- [AIM OF THE TASK] Although the records contain pictures, only their text should be reproduced, exactly as written.

- [RECORDS SUPPLIED]
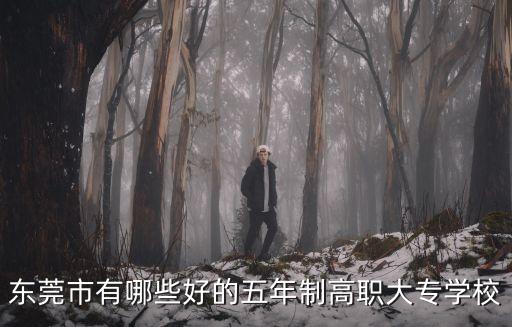 東莞市有哪些好的五年制高職大專學校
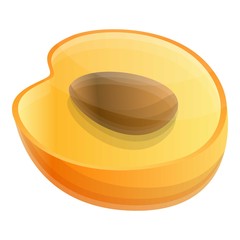 Poster - Half apricot icon. Cartoon of half apricot vector icon for web design isolated on white background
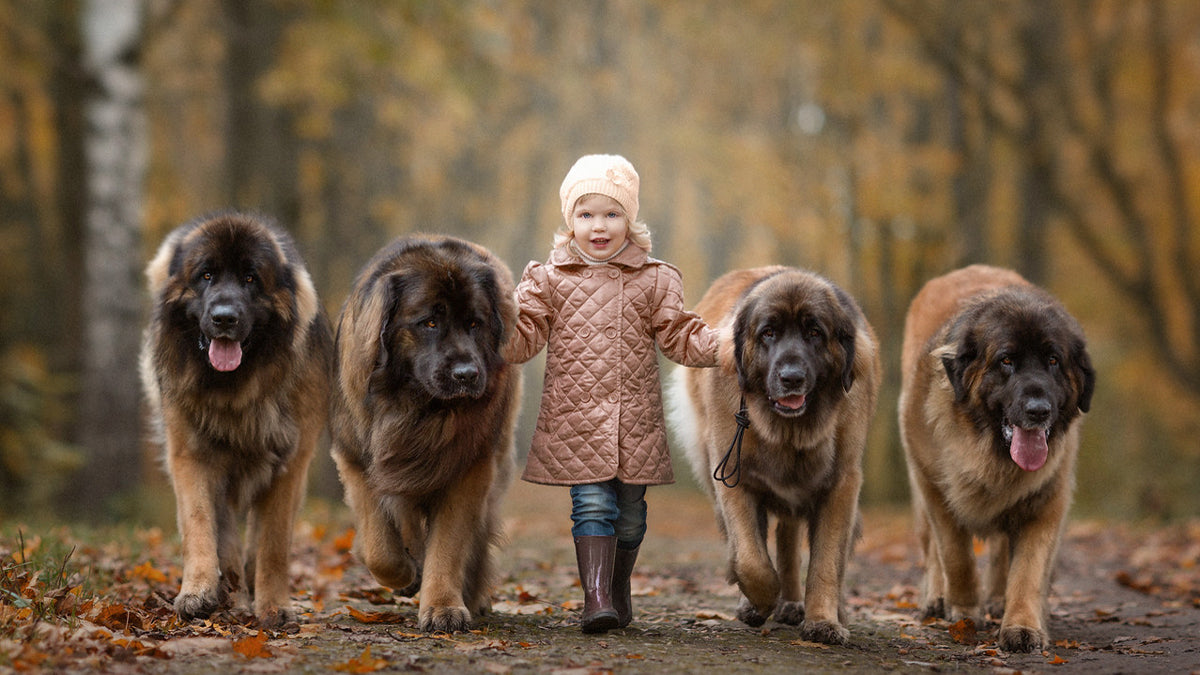 Big best sale gentle dogs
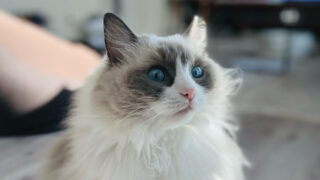 「まだ寝かせて…」猫が朝に甘える心理を理解しよう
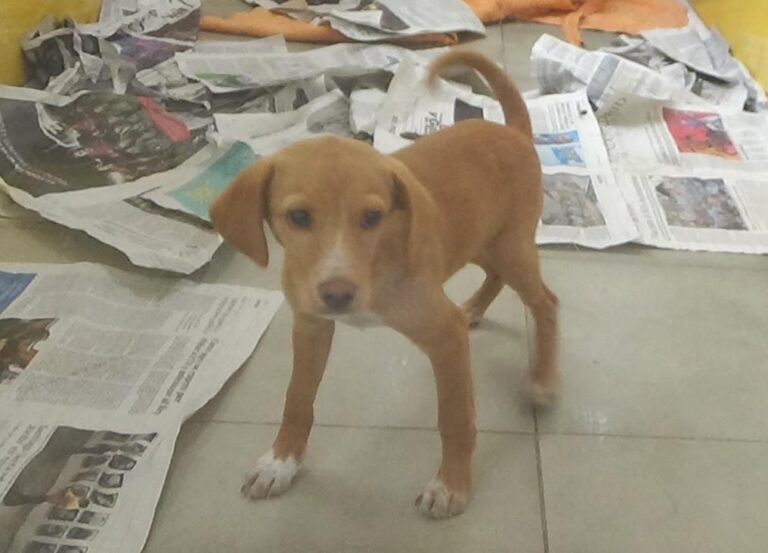 multimedia-foto47744-911-1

- [REPLY]
 東莞市有哪些好的五年制高職大專學校
 Poster - Half apricot icon. Cartoon of half apricot vector icon for web design isolated on white background
 Big best sale gentle dogs
 「まだ寝かせて…」猫が朝に甘える心理を理解しよう
 multimedia-foto47744-911-1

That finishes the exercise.